Algunos aspectos asociados al proceso de la drogadicción masiva son descritos por Enrique Rojas: “Los jóvenes empiezan a drogarse por curiosidad, para saber qué es eso, en qué consiste, qué se experimenta. Como esto sucede en un círculo juvenil muy contagioso, los que en principio no la prueban son tachados de personas no abiertas a la realidad, retrógrados y atrasados, con lo que enseguida abandonan esa postura”.

“Los jóvenes empiezan a drogarse porque está de moda y se lleva. Este argumento no tiene valor para las personas con criterio, pero en la adolescencia es casi sustancial. Y las modas se contagian más que las infecciones; éste es un dato extraído de la psicología diaria. Hay que tener mucha personalidad y un entorno en donde uno se pueda sentir arropado para no dejarse llevar por esa corriente”.

“El mundo de la droga significa para el joven satisfacer su sed fáustica de aventuras, su necesidad de nuevas experiencias….Hay también un deseo de escapar uno mismo de vez en cuando, abandonarse en una pasividad que repudia todo lo que significa esfuerzo y responsabilidad”.

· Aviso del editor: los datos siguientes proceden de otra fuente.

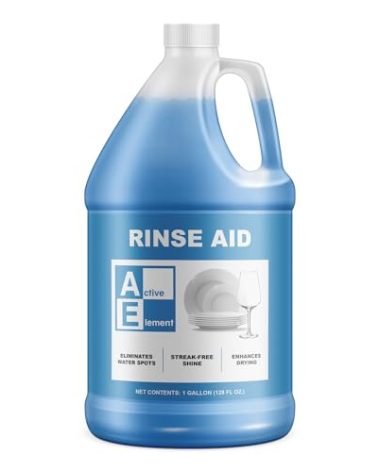 Active Element Dishwasher Rinse Aid - 1 Gallon - Extra Strength – Eliminates Water Spots - Sreak Free Shine - Enhances Drying - Dishwasher Rinse Aid Liquid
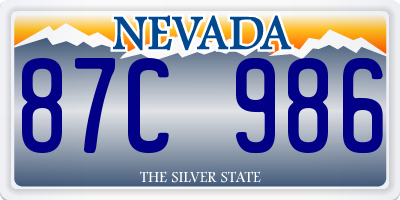 NV license plate 87C986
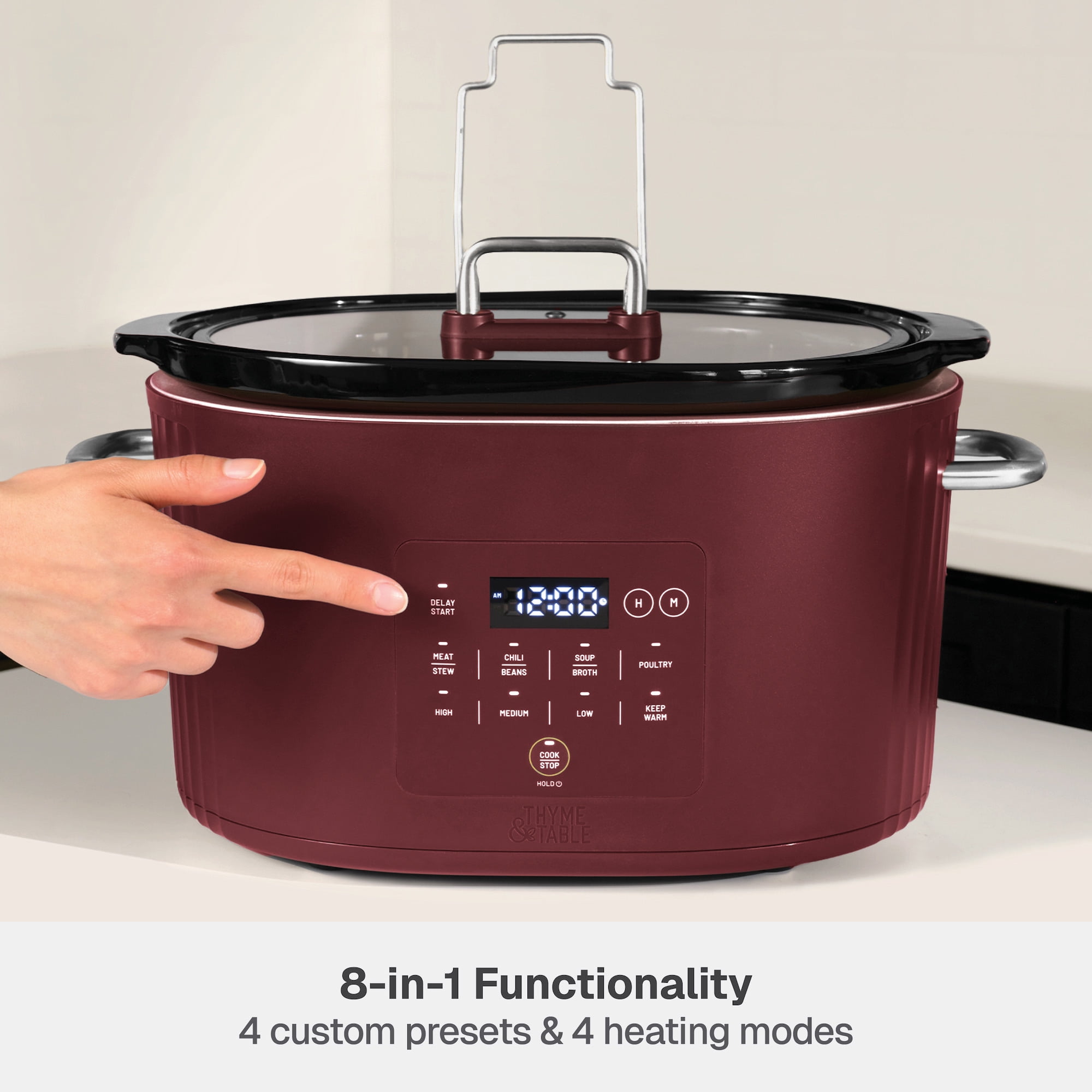 Thyme & Table 6QT Programmable Slow Cooker, Cabernet Red - Image 4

“La droga siempre es evasión. Los adolescentes y los jóvenes tienen como una especie de sismógrafo interior capaz de detectar muchas cosas negativas de la sociedad de los mayores. Se produce una reacción contra los adultos y la sociedad que ellos han creado: racionalista, centrada en el éxito y en el dinero, burocrática, montada sobre el consumo, muy alejada de los valores y de lo espiritual. Rematan diciendo: «Esta sociedad no me gusta y quiero escapar de ella, ir haciendo otra distinta que no tenga estas coordenadas». Así se inicia esta fuga hacia los paraísos artificiales que la droga promete y que arrancan de su crítica del «stablishment» de los mayores: buscando una nueva libertad que a mediano-largo plazo termina en una sugestiva prisión donde va a ir quedándose atrapado física, psicológica y socialmente”.

“Evasión y protesta son dos notas claves para comprender la psicología de esta plaga social. Por eso podemos descubrir un cierto fondo positivo: el que se droga rechaza conformarse con el mundo y pretende otro mejor. Desaprueba una realidad considerada como prisión. Y aquí caben muchas observaciones que ciertamente son atinadas: la moral interpretada como hipocresía, la felicidad como autoengaño y la vida como tener y acumular. Eso es lo que ellos captan y el mensaje cifrado que transmiten”.

“La droga es también una reacción al vacío espiritual de nuestro tiempo. El hombre necesita del misterio, decía Heidegger. Hay en su fondo más íntimo una aspiración hacia lo trascendente. Y para muchos esta inquietud se sosiega en estos parajes…La droga es una pseudomística en un mundo materialista, hedonista y de consumo. Por eso podemos decir que la droga subraya el vacío de nuestra sociedad. La falta de consistencia en algo sólido y que sea capaz de llenar tantos huecos como tiene el corazón del hombre”.

“La droga permite alejar el dolor y el sufrimiento, desterrar los sentimientos de fracaso y frustración –al menos momentáneamente. Pero no hay que perder de vista que el sufrimiento es la vía regia de aprendizaje…El drogadicto ha renunciado a luchar, quiere sólo sensaciones evanescentes de flotar y suspenderse en el océano de las vivencias nirvánicas”.

“Una vez instalado en la droga de una manera más o menos estable, las motivaciones cambian. Se combate con ella el aburrimiento y la falta de un proyecto de vida coherente y realista. El joven se va viendo empujado por una psicología de personas que se arremolinan en torno a este dios mágico y maravilloso que todo lo arregla de inmediato, pero que pasa una terrible factura por ello; la dependencia y la tolerancia”.

“Por la primera el sujeto no puede dejar de consumirla, ya que si no aflora el célebre síndrome de abstinencia o «mono». La dependencia es la progresiva adaptación biológica del organismo, de tal forma que si se interrumpe el consumo se alteran algunas constantes biológicas. Esto tiene una base metabólica, que no es otra cosa que una protesta celular. La tolerancia aparece en una fase posterior y consiste en la necesidad de ir incrementando progresivamente la dosis para producir los efectos del principio”.

“La drogodependencia es la expresión permanente del mito de la ambrosía: aquella sustancia que, al tomarla los dioses, les hacía inmortales sin esfuerzo alguno” (De “El hombre light”-Grupo Editorial Planeta SAIC-Buenos Aires 2012).